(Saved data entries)
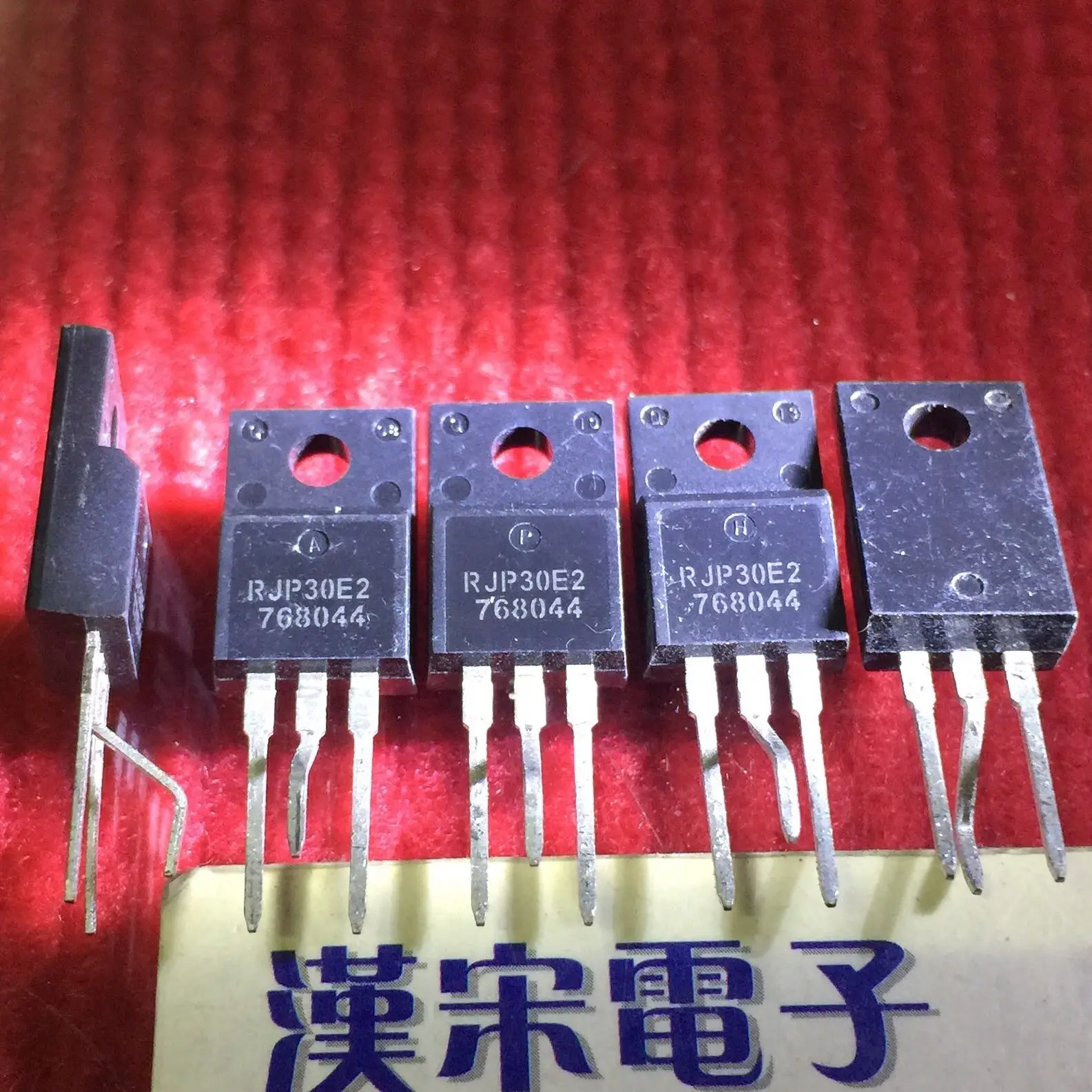 

Free shipping RJP30E2 TO-220F 10PCS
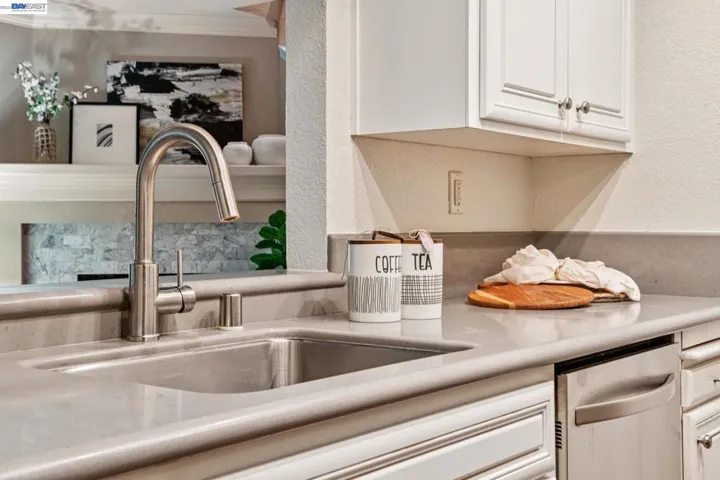 7482 Oxford Circle, Dublin, California 94568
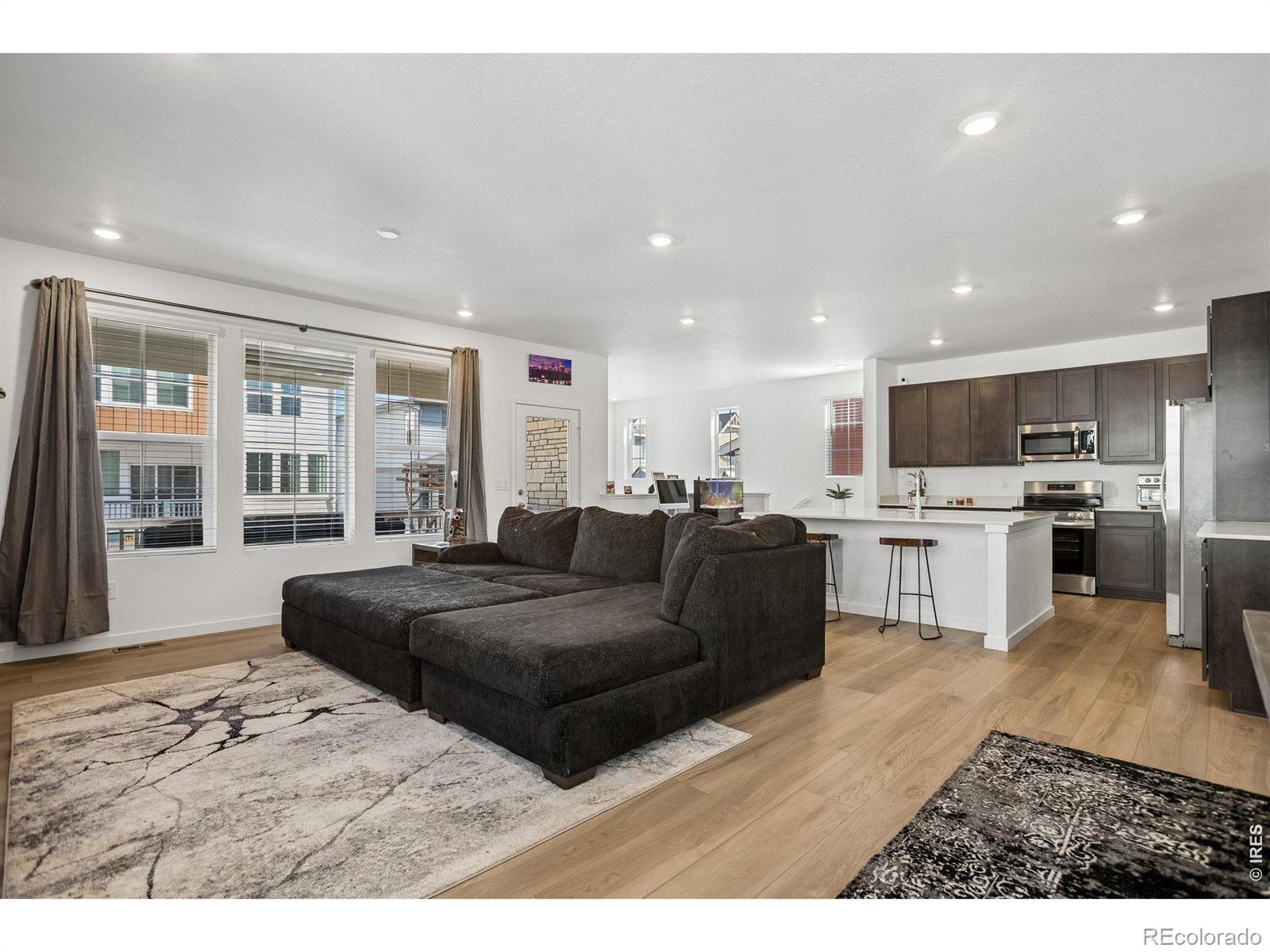 MLS Image #13 for 7442  whiteclover trail,littleton, Colorado
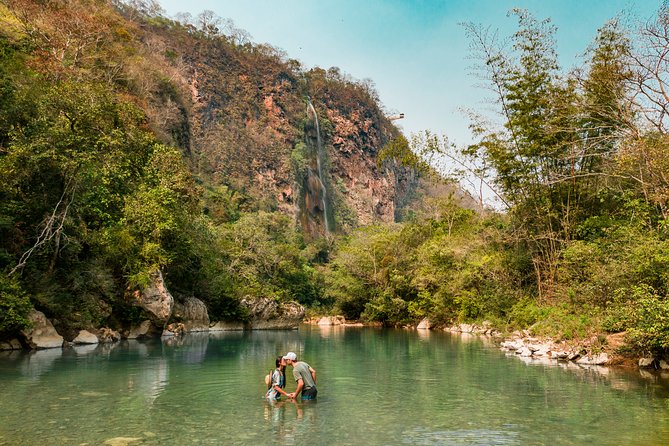 Boca Da Onça Waterfall Tours - Key Points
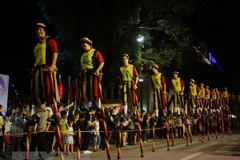 Tiết mục biểu diễn đi cà kheo của các nghệ sỹ đến từ Vương quốc Bỉ. (Ảnh: Thanh Tùng/TTXVN)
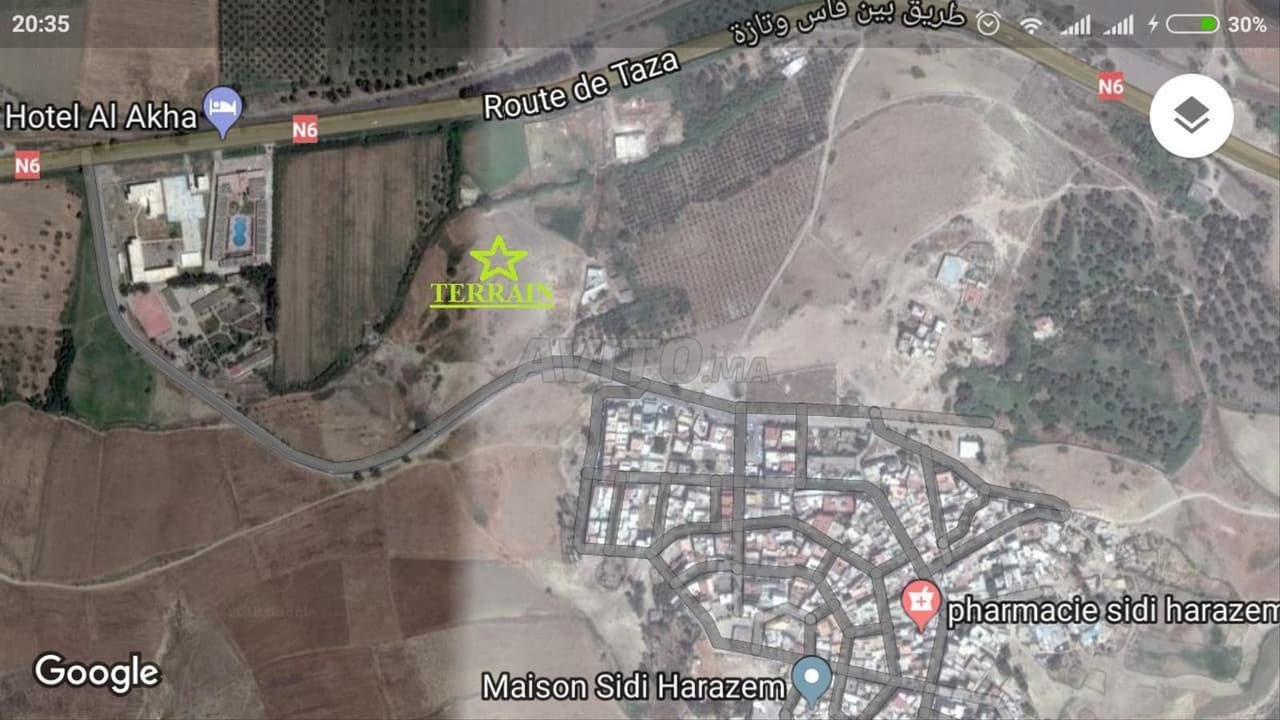 أرض بمساحة 25000 م² بفاس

**Problem statement:** The records must appear again word for word, though none of their pictures should.

**Expected output:**
Free shipping RJP30E2 TO-220F 10PCS
 7482 Oxford Circle, Dublin, California 94568
 MLS Image #13 for 7442  whiteclover trail,littleton, Colorado
 Boca Da Onça Waterfall Tours - Key Points
 Tiết mục biểu diễn đi cà kheo của các nghệ sỹ đến từ Vương quốc Bỉ. (Ảnh: Thanh Tùng/TTXVN)
 أرض بمساحة 25000 م² بفاس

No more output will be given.